Мы насчитали более восьмидесяти трупов, и это только на окраине деревни. Всего под Комсомольском было убито около восьмисот мятежников отряда Руслана Гелаева. Мы не смогли заставить себя идти дальше, да и опасались напороться на мину или задеть «растяжку», и осторожно двинулись к почти дотла сгоревшему блочному дому, в остове которого завывал ветер. Поверх искореженных железных кроватей валялись листы сорванной взрывом крыши. Под одной из балок я заметил, как мне показалось, завернутого в одеяло человека. Подобрав с земли подходящий кусок черепицы, я разгреб в стороны обломки бетона и железа, потом осторожно отогнул угол одеяла, чтобы открыть лицо, и случайно коснулся щеки. Она была совершенно застывшей и твердой, на ощупь не имеющей ничего общего с человеческой плотью.
Погибший был африканцем, скорее всего сомалийцем — у него была совершенно черная кожа и тонкие европейские черты лица. Наверное, он был одним из первых иностранных солдат, пришедших в Чечню, чтобы присоединиться к джихаду, и угодивших на встречу с Создателем в этом мрачном районе Кавказа. Он выглядел приличным юношей — у такого вы спросите дорогу, если заблудились, или дадите ему свой фотоаппарат и попросите снять вас.

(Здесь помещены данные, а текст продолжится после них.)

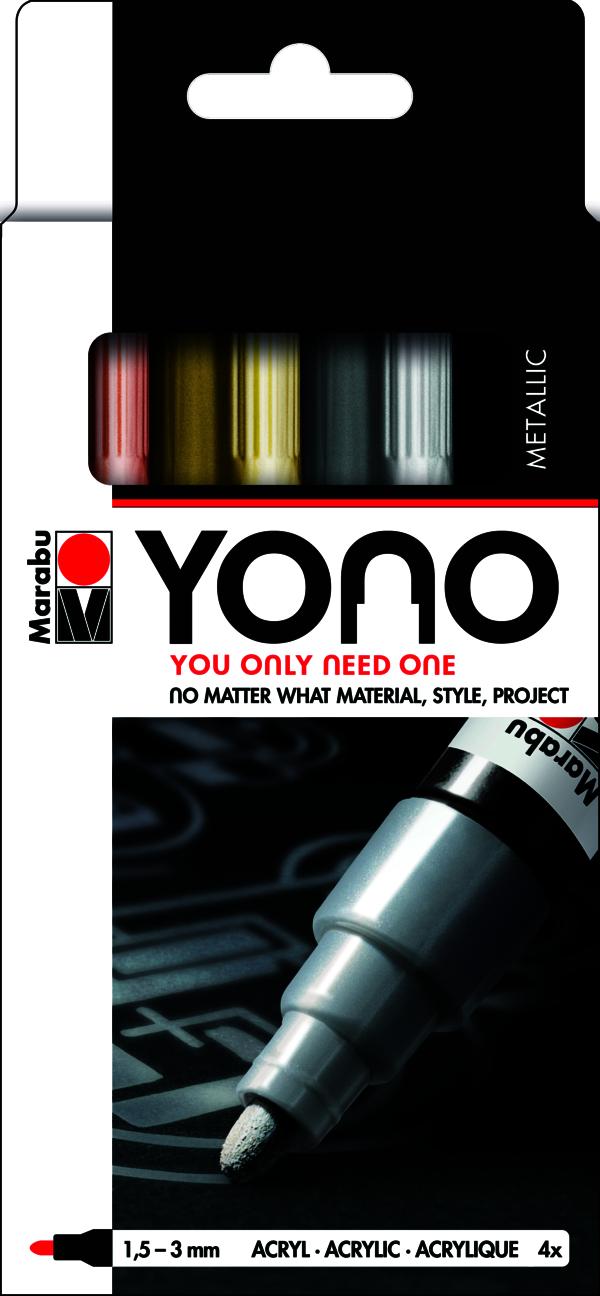 Marabu YONO Sada akrylových popisovačů - metalické barvy 4x 1,5-3 mm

Потом — а мне приходилось часто его вспоминать — я представлял себе, как он стоит в аэропорту со своим дешевым чемоданчиком, в синтетическом костюме, взволнованный, но полный энтузиазма, потому что приехал он на священную войну. И я думал о его сестрах и матери, живущих где-то в Африке, занятых своими домашними делами и ссорящихся из-за пустяков, не зная, что их сын и брат лежит мертвым здесь, в изуродованном снарядами чеченском доме, где погиб, сражаясь на чужой войне.
С меня было достаточно. Мы поспешили вернуться к нашей машине — потрепанному военному джипу и его водителю — самоуверенному молодому чеченцу по имени Беслан, который гордился своим водительским искусством. До единственного рейса на Москву из Назрани оставалось всего четыре часа. Беслан обещал, что мы доберемся туда вовремя. Когда мы выкатили на основное шоссе, он выжал сцепление до отказа, и машина стремительно понеслась на запад, к границе с Ингушетией. Мы с Робертом устроились на заднем сиденье вместе с нашим чеченским проводником Мусой, служащим промосковского правительства, который только взмахнул у блокпоста своим правительственным удостоверением, как нас, не задерживая, пропустили. Рядом с водителем сидели два русских милиционера, нанятых нами в качестве телохранителей за 50 долларов в день. Нам оставалось проехать еще полпути, когда мы увидели русский военный вертолет «Ми-24», угрожающе зависший над лесом, откуда поднимались столбы дыма. Вертолет медленно развернулся к нам кабиной и замер в воздухе.